Location

Information
- Other name: 日本フィンランド学校
- Opened: 1964
- Closed: 2008
- Grades: 1-11 (originally) Kindergarten-6 (later)
- Enrollment: 43

= Finnish School in Japan =

International school in Ōtsu, Japan

Finnish School in Japan (日本フィンランド学校; Japanin suomalainen koulu), nicknamed JASUKO, was a Finnish international school in Ōtsu, Shiga Prefecture, Japan. It served grades 1-11, and later Kindergarten-6.

==History==
The Finnish Free Foreign Mission established the school, which was originally intended for the sons and daughters of Finnish missionaries. Jasuko opened the fall of 1964 in a church in Chausuyama. Other missionary organizations, including the Finnish Lutheran Mission (FLM), the Finnish Lutheran Overseas Mission (FLOM), and the Lutheran Evangelical Association of Finland (LEAF), joined the efforts to run the school. Parents and volunteers built a structure that the school used until 1987. The peak enrollment was 43 students, most of whom were boarding students, in the spring of 1987. That year a new classroom building and dormitory opened.

The school population declined as the number of missionaries decreased in the 1990s.

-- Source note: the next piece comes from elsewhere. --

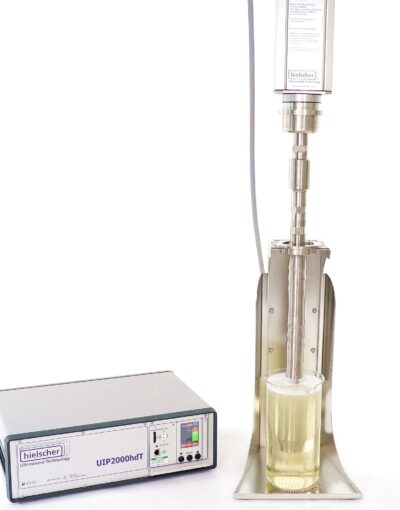 UIP2000hdT-ultrasonic-degassing-HielscherUltrasonics-400x510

The school closed when the missionary cooperation ceased in 2003. In 2006 the school reopened as a trilingual Japanese-Finnish-English school but it closed again in 2008.

Joona Kallio, a former student, designed a logo for the school's 50 year anniversary. The "5" appears like the Japanese hiragana "ち" and the colors used are those of the flag of Finland.